今回、私がベビー服ネットショップ『べびちゅ』のバイヤー業務を通じて編み出した『仕入れ先メーカーとの交渉術』について、ご紹介させていただきたいと思います。
仕入れの値引き交渉は、バイヤーの仕事のひとつです。
しかし、仕入れ先メーカーにとっては『粗利』が下がる話です。
ハードなネゴになることもありますので、バイヤーも神経をすり減らします。
私も、『これからもたくさん売っていきますので、仕入れ値を下げてもらえませんか?』というジャブを半年に1回くらいのペースで打っています。
しかしながら、『下げてください』の一点張りでは、なかなか交渉に応じていただけません。

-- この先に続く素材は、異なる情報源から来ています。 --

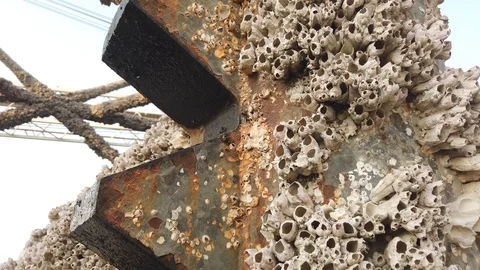 Offshore jack-up drilling rig leg. | Stock Video | Pond5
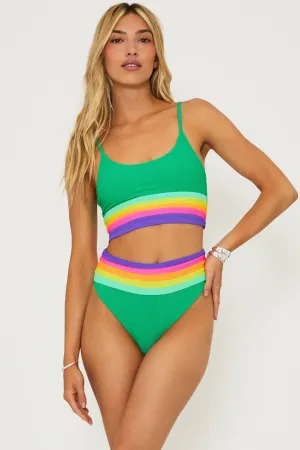 Mae Top Technicolor Colorblock Beach Riot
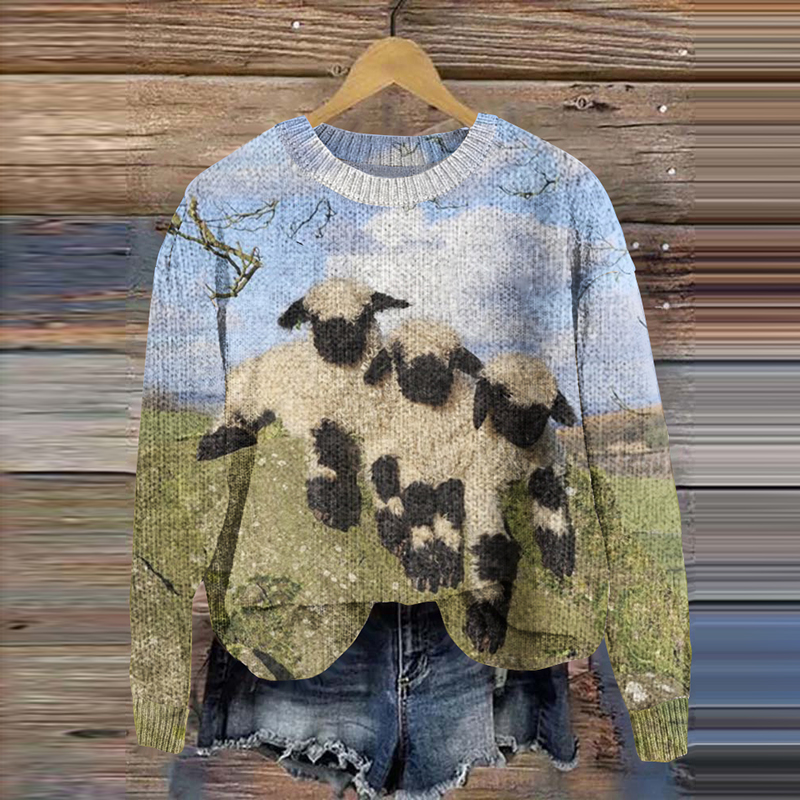 Sheep Print Casual Knitted Pullover Sweater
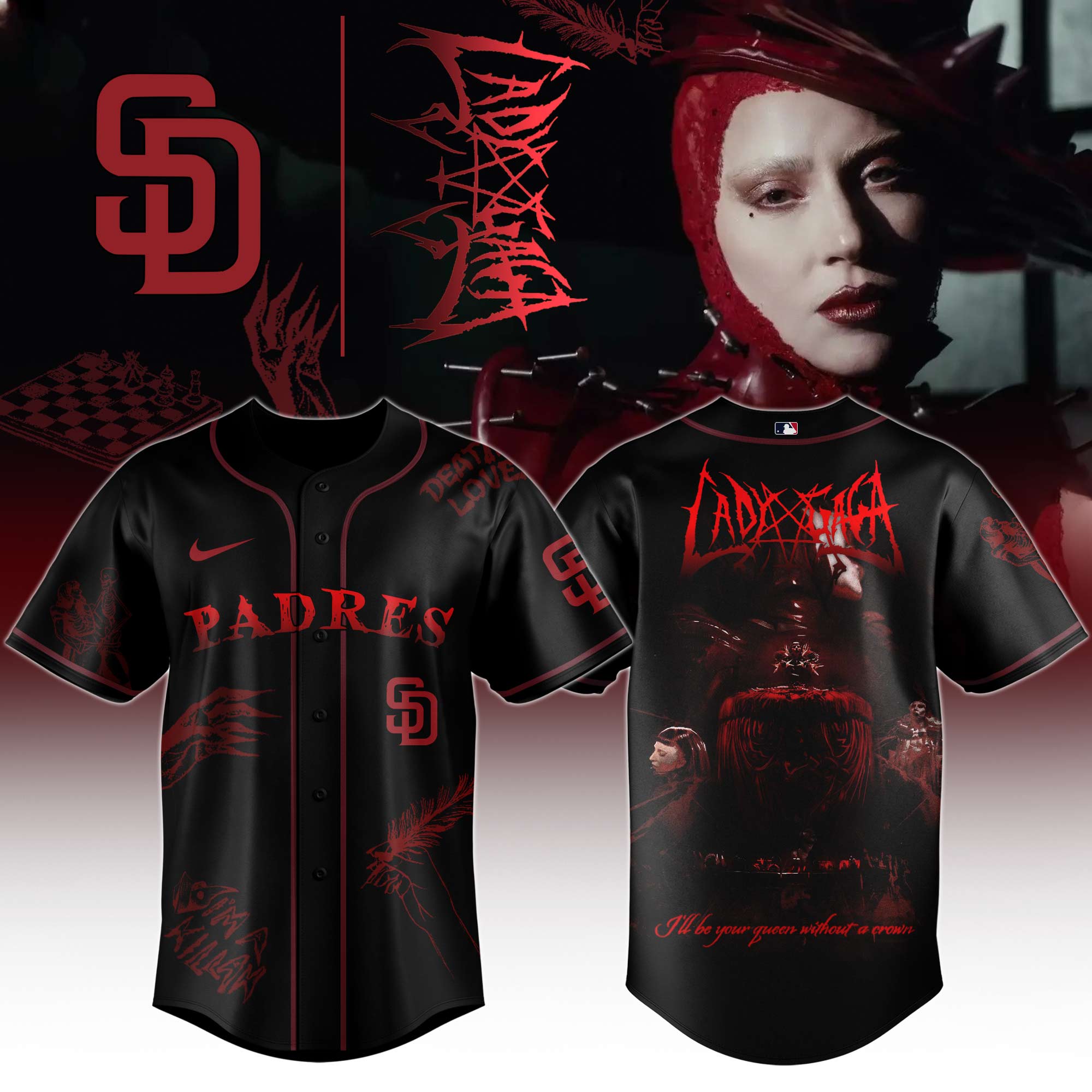 San Diego Padres x Mayhem Queen Black Baseball Jersey For Sport Teams Fans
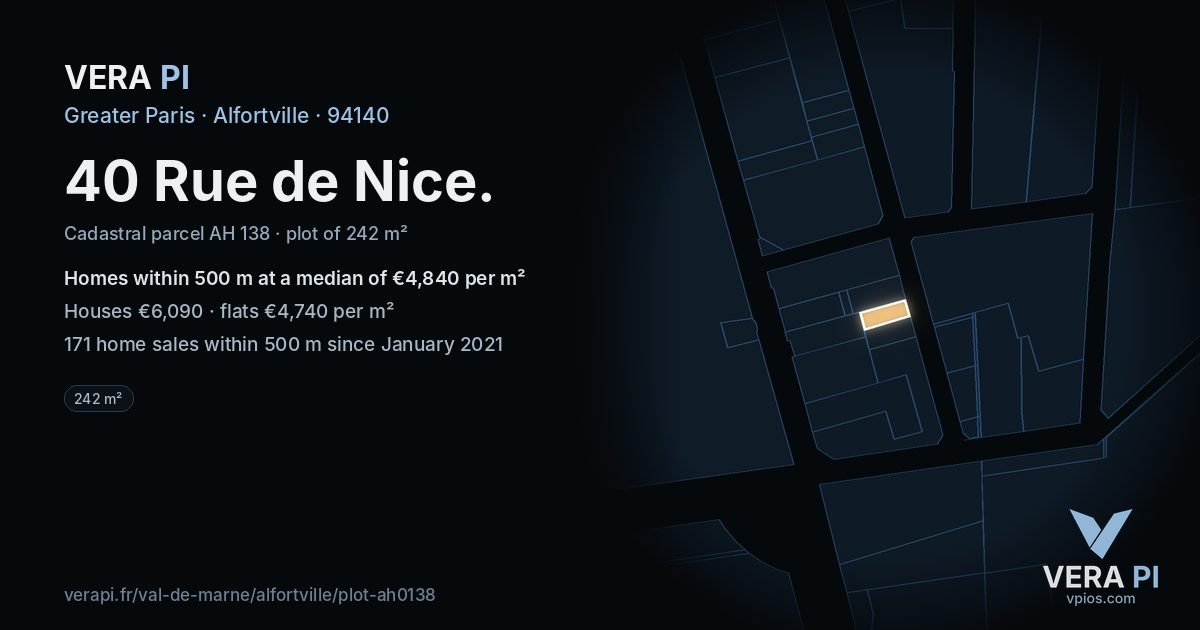 40 Rue de Nice, Alfortville at night – the plot lit, the parcels around coloured by the prices near them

そこで、今回は、普段の交渉とは違う『追加発注ができる仕入先メーカーに嫌われない仕入れ値の交渉術』をご紹介したいと思います。
目次
まずは実績作り
まずやることは『追加発注ができる仕入れ先メーカーとの関係性を強化すること』です。
関係性の強化というのは、具体的に言うと、販売実績を作っていくことです。
それも『御社は、卸し先のTOP10に入ってますよ。』と言われるレベルになることです。
この販売実績ですが、あっちもこっちもと手広くやるよりは、絞り込んで、販売実績を積んでいくことをオススメします。
ある程度売れるようになってきた時点で、『これからもたくさん売っていきますので、仕入れ値を下げてもらえませんか?』というジャブを半年に1回くらいは打っておきます。
この交渉術は、今シーズンではなく次シーズン入荷分の仕入れ値を下げる交渉術になります。
しかし、普段からジャブを打っておくことによって、大事な交渉の際に、話を切り出しやすくなるという効果もあります。
交渉に必要な3つの条件
今回ご紹介する交渉術を実施するにあたって、次の3つが必要です。
- 今シーズン売れた商品が次シーズンも入荷すること
- 次シーズンどれだけ売れるのかを予測できること
- まとまった発注が、仕入れ先メーカーにとってもメリットがあること
それぞれについて、説明します。
次シーズンも入荷予定があること
なぜ上記の3つの条件が必要かというと、今回紹介する交渉術は、
- 今シーズン売れたものを次シーズンまとめて発注する
- 販売期間を設定し、期間中はメーカー側で在庫を保管してもらう
- 販売期間内であれば、いつでも小ロットで発注できるようにしてもらう
- 販売期間内に売れなかったものは買い取る
という交渉をすることだからです。
この方法が、メーカーとネットショップのそれぞれについて、Win-Winの関係になる理由は、メーカーにとっては、『まとまったボリュームで、しかも不良在庫リスクなく、販売でき』、ネットショップにとっては、『まとまった納品によって倉庫の場所を取られたり、まとめての支払が発生することなく都度支払、しかも在庫は確保されているので、売れ逃すリスクがない』ことです。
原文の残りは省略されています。